Temperature characteristic compensation
The parameters of the diode vary significantly with temperature. Taking the 1N5819 Schottky diode as an example, Vf=0.3V at 25 ℃ and rises to 0.5V at -40 ℃, which makes it difficult to start at low temperatures. The solution includes: using a temperature compensation circuit to dynamically adjust the bias voltage, or selecting devices with optimized low-temperature characteristics (such as STPS20L45CT).
4, Industry Practice: From Standard Configuration to Intelligent Upgrade
The global photovoltaic industry has formed a standardized solution for diode applications and continues to evolve towards intelligence:
The trend of integrated design
Modern photovoltaic modules generally have built-in bypass diodes, with a typical configuration of one diode connected in parallel every 18-24 battery cells. The latest Hi-MO 6 module from Longi Green Energy adopts a 6-unit split design, integrating 3 bypass diodes, reducing power loss from 15% to less than 5% under shadow shading.
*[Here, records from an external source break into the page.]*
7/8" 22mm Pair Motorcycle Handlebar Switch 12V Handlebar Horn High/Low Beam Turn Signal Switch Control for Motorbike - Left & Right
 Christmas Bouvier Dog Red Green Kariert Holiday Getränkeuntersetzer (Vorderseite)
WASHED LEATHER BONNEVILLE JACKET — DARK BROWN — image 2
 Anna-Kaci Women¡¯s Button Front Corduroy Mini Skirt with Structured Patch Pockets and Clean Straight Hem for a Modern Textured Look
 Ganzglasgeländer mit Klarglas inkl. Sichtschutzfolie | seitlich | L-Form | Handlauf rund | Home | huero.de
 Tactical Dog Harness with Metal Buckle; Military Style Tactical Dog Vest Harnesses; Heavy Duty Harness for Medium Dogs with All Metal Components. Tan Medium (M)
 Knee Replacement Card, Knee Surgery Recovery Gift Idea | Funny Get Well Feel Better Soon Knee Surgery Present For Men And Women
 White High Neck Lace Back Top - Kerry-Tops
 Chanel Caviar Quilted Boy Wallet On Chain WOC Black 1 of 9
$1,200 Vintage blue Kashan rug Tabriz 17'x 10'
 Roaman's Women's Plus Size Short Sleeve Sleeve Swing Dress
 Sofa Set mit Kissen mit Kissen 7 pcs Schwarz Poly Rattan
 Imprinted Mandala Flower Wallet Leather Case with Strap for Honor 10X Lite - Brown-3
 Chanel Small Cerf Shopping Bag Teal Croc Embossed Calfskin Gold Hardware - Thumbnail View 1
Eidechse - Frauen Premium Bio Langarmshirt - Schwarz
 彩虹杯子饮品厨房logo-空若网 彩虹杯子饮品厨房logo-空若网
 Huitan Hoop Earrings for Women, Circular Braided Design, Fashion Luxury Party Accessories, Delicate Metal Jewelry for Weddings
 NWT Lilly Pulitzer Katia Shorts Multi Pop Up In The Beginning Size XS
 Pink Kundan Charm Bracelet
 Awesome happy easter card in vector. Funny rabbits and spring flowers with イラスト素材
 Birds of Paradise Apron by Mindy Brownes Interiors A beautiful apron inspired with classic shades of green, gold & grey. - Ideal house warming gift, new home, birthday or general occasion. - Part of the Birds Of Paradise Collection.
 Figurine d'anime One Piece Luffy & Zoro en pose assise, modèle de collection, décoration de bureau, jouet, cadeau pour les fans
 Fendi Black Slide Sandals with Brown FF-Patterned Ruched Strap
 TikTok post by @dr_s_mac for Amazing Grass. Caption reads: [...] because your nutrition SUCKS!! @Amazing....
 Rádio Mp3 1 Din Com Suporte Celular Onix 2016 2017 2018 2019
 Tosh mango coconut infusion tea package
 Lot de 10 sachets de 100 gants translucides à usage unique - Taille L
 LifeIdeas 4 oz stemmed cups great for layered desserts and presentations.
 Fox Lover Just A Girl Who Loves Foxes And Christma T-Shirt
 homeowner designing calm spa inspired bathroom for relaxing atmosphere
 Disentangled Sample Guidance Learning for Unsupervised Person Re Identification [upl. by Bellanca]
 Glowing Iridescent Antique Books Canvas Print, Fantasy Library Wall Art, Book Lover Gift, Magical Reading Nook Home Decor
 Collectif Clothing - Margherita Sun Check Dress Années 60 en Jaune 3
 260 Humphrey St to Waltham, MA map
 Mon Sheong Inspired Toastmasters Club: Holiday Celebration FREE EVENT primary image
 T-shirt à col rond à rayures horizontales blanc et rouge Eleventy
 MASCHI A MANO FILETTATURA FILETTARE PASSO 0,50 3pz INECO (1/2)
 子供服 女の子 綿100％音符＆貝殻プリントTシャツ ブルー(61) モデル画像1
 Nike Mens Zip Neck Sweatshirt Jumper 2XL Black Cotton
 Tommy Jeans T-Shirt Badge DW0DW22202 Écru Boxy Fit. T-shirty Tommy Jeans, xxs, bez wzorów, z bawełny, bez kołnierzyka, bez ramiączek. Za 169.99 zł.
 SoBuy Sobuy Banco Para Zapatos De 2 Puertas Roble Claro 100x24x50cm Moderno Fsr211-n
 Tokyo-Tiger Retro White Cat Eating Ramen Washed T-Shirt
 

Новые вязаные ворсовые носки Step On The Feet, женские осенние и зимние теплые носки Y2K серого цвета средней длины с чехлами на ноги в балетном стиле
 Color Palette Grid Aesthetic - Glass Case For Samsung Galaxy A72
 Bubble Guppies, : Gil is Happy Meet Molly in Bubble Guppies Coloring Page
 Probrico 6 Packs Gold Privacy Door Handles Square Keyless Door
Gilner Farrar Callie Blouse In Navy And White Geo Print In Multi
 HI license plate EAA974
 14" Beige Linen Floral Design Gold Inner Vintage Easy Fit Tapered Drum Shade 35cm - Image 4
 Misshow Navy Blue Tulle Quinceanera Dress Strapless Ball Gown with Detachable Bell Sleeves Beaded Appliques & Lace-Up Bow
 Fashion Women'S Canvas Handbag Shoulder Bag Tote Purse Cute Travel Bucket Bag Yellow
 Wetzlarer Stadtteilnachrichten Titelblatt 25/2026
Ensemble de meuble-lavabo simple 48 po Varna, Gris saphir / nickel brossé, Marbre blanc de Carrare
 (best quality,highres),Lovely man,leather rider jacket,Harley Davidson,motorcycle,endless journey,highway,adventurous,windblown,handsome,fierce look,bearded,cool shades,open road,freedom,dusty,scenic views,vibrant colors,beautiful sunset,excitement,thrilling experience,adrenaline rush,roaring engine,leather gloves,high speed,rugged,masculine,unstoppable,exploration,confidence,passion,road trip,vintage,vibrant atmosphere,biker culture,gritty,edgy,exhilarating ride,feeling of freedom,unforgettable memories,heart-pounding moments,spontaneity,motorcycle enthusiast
Innovation of Intelligent Controllers
The new generation MPPT controller integrates programmable diode analog circuit and achieves zero voltage drop and anti reverse charging through MOSFET. After adopting this technology, the Huawei SUN2000 series inverters improved system efficiency by 1.2% and increased annual power generation by approximately 140 kWh/kW.
Breakthrough in new materials
The thermal radiation diode developed by the University of New South Wales in Australia achieves nighttime energy recovery through temperature difference power generation. Test data shows that under a temperature difference of 20 ℃, the output power of a single tube reaches 64nW/cm ², providing technical reserves for future all-weather photovoltaic systems.